In early February of 2016 Liane and her sister decided to book us all (including their dad) into a Beginners Beekeeping course in Dun Laoghaire. It was a two hour course that took place once a week on a Tuesday evening and we tried to eat together before or after. I was a little cynical going into it, not sure if I had the time or energy to give it and pretty certain that keeping bees wasn’t in our short or mid-term future as a couple. But the course provider, the Deasy energy and the bees won me over. I was fascinated.

There’s a history of beekeeping in Liane’s family about which I know quite little. What I do know is that Liane’s grandad Dan Deasy was a central figure in Irish Beekeeping - head of the national association and an authority on the skill. His passion filtered down generation to generation and has somehow crept through to me. Liane’s family were reared around it and there are stories upon stories about the famous grandad’s beekeeping. There’s still honey from his hives in my press today.

I have two hives at the moment.

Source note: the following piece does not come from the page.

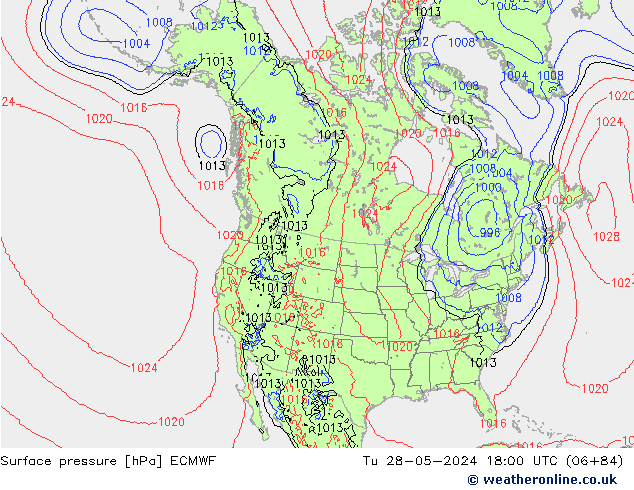 Yer basıncı ECMWF Sa 28.05.2024 18 UTC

One is full of bees that I bought this spring and the other is full of a swarm that took over the hive at some point last summer before I started looking after it. The newer hive is called the Deasy hive and the older the Cusack hive (after a colleague who has helped me into beekeeping).

To find the right date for the first line of this piece I went to Whatsapp and dug up the old group we had. The last thing on the group is an automated message “Panzer Left” from January 3rd 2018. I scrolled upwards and her personality, her words, her charm and mischief sprang out of the phone to meet me. I cried softly. I smiled at some of the memories that came to me.

There is solace in the bees - the simplicity of the activity itself, the beauty of their hierarchy and method, the connection to nature and (sort of like competitive sport/sea swimming for me) the inability to let other thoughts cloud my mind. It’s a wonderful escape and one I feel will become a lifelong joy.